The five people aboard a submersible that vanished on a trip to explore the Titanic wreckage have died after a catastrophic implosion, the U.S. Coast Guard says.

June 22, 2023

But for those familiar with the Titan’s design and operations, safety concerns long predated the disaster. OceanGate declined to provide any additional comment beyond the company’s statement Thursday.

In 2018, an OceanGate employee raised flags about the vessel in litigation with the company, particularly its refusal to undergo external review and subject passengers to dangers. That same year, dozens of submersible industry experts warned company chief executive Stockton Rush in a letter that the vessel’s “experimental” approach could have “minor to catastrophic” consequences. They pressed him to undergo a rigorous review from classification societies like the DNV or the American Bureau of Shipping for the Titan.

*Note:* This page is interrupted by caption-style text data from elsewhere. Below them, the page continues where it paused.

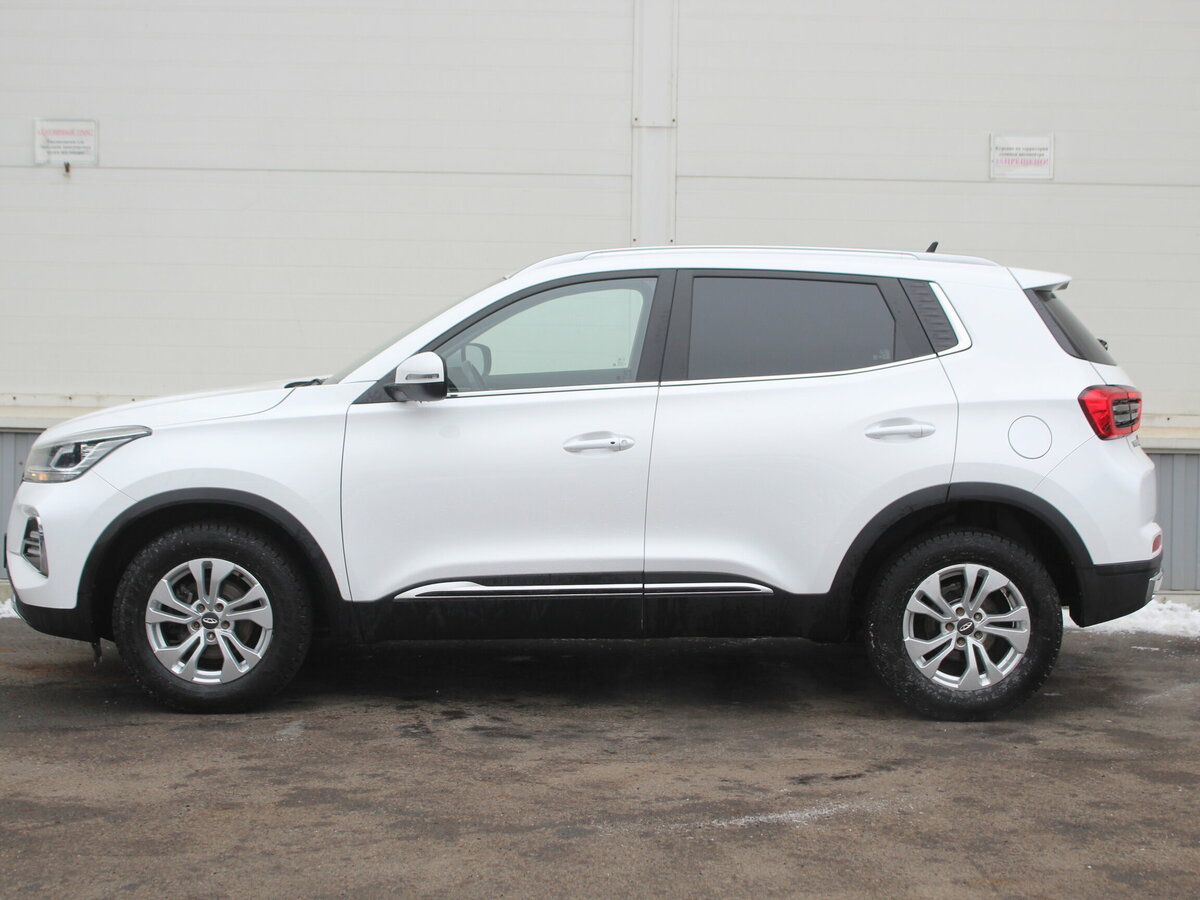 Chery Tiggo 4 Pro 2023 года с пробегом. Фото: #4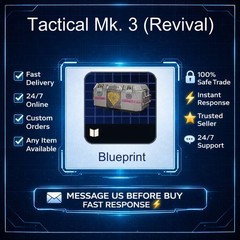 ARC Raiders Tactical Mk. 3 (Revival) Blueprints – All Blueprints Available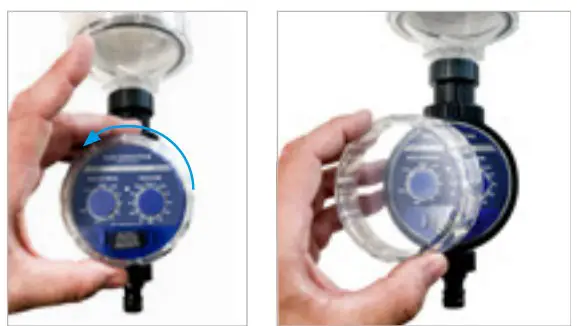 Installing and setting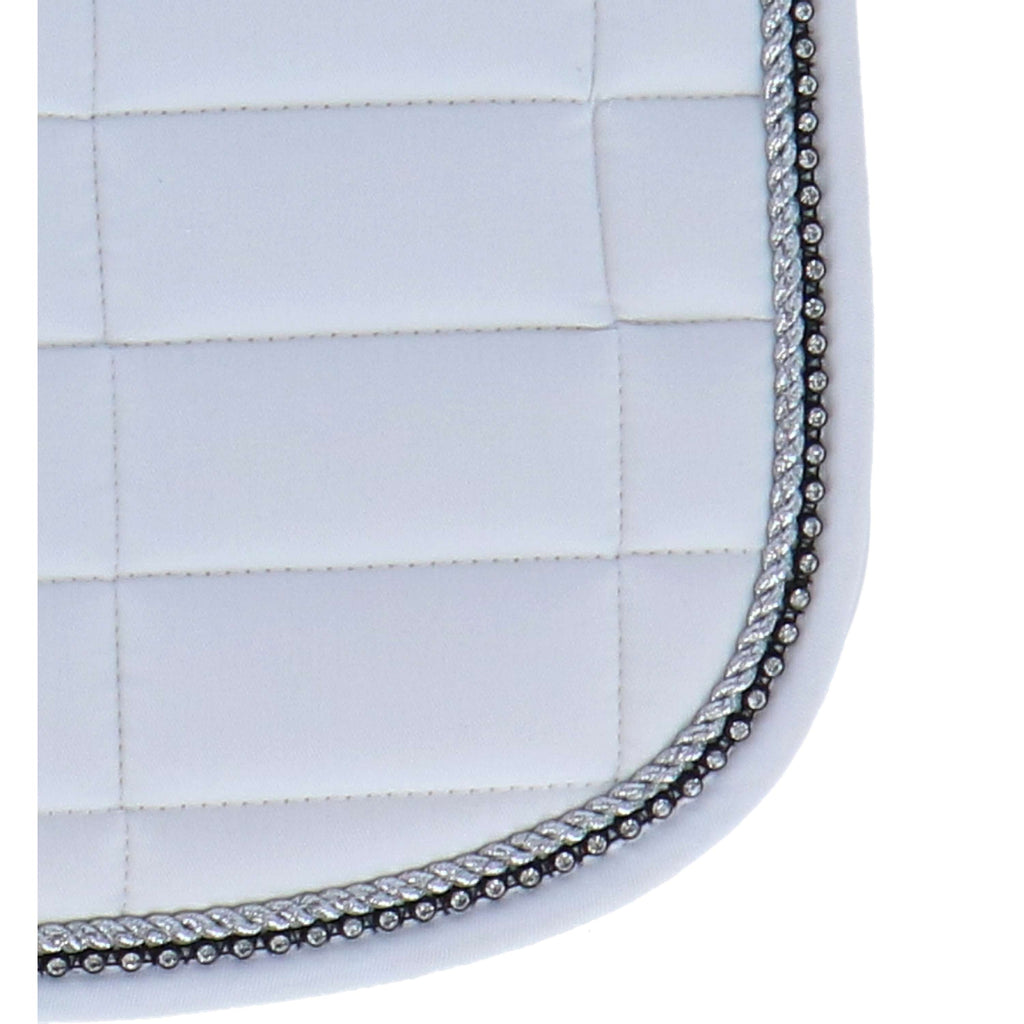 BR Mantilla de Doma Glamour Chic Blanco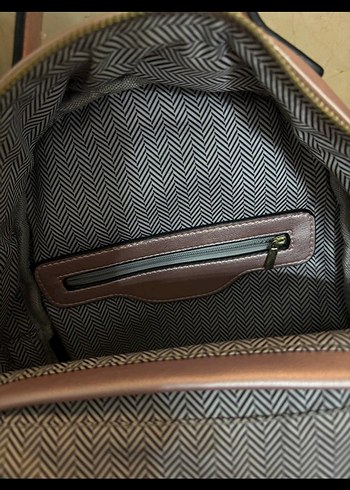 Sedefli pudra pembeSırt Çantası - Görsel 4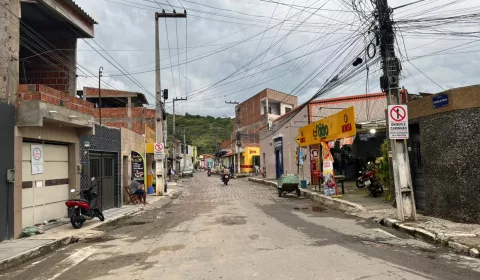 Ladeira do Horto, em Juazeiro do Norte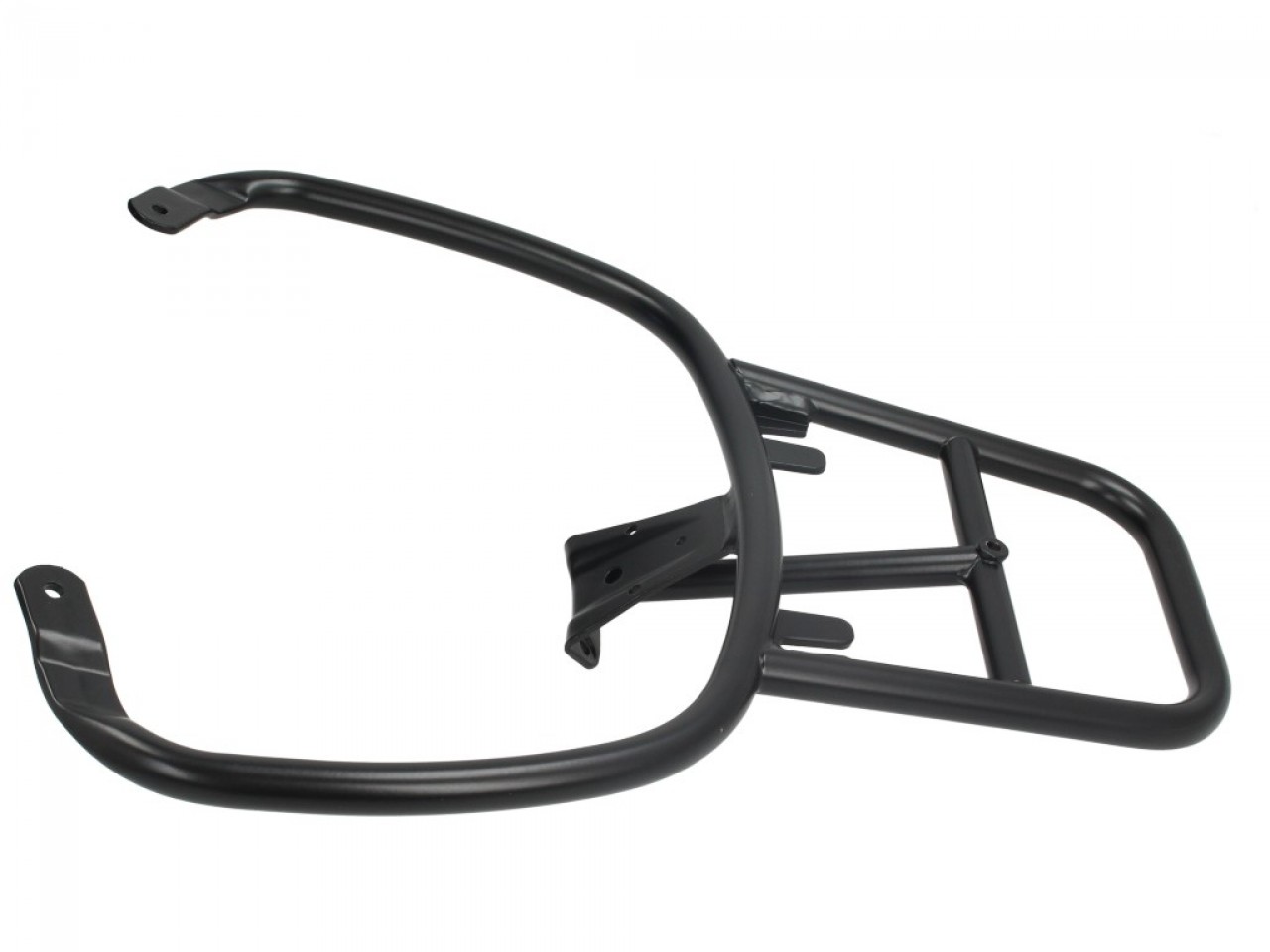Gepäckträger hinten schwarz matt für Vespa Primavera / Sprint / Elettrica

“While this may demand additional time and expense, it is our unanimous view that this validation process by a third-party is a critical component in the safeguards that protect all submersible occupants,” the letter stated.

Liz Taylor, president of Deep Ocean Exploration and Research, or DOER Marine, which designs and builds remotely operated vehicles, said that the submersibles industry has maintained an unblemished safety record while accomplishing many firsts. “The way you do it is you do the work, you do the testing,” Taylor said. But Rush did not want to hear it, she added.

“He ostensibly felt that he had done enough or knew better,” she said.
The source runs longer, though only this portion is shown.